Dataset START
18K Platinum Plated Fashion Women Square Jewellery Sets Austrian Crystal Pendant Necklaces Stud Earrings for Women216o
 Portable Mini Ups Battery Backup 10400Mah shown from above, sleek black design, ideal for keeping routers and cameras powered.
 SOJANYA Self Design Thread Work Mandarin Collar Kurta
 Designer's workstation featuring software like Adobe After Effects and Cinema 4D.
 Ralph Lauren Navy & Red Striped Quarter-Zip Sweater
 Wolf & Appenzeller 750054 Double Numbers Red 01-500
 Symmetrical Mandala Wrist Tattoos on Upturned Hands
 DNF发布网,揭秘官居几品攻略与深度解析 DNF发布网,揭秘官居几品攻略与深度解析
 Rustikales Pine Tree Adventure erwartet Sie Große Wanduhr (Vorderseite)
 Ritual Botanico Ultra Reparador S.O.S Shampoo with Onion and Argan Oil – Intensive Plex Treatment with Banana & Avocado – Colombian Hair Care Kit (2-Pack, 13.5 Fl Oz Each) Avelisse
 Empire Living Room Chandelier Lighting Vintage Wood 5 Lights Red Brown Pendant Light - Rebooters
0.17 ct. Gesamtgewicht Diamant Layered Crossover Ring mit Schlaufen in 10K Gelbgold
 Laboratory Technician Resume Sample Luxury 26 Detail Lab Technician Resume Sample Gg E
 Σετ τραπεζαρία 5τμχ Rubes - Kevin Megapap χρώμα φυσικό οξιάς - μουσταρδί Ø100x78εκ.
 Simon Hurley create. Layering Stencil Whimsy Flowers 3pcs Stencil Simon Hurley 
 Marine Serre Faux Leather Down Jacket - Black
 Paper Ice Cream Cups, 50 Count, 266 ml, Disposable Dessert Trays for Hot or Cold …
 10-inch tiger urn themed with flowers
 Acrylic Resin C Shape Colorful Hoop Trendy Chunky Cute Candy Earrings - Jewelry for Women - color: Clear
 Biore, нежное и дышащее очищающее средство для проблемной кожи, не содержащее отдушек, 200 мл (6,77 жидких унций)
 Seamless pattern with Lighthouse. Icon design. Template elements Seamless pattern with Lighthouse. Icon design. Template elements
Dataset END
Within the material above, extract exactly the lines that start at the line containing "Marine Serre Faux" and stop after the line containing "Acrylic Resin C", and only those.

* [Response to the task]:
 Marine Serre Faux Leather Down Jacket - Black
 Paper Ice Cream Cups, 50 Count, 266 ml, Disposable Dessert Trays for Hot or Cold …
 10-inch tiger urn themed with flowers
 Acrylic Resin C Shape Colorful Hoop Trendy Chunky Cute Candy Earrings - Jewelry for Women - color: Clear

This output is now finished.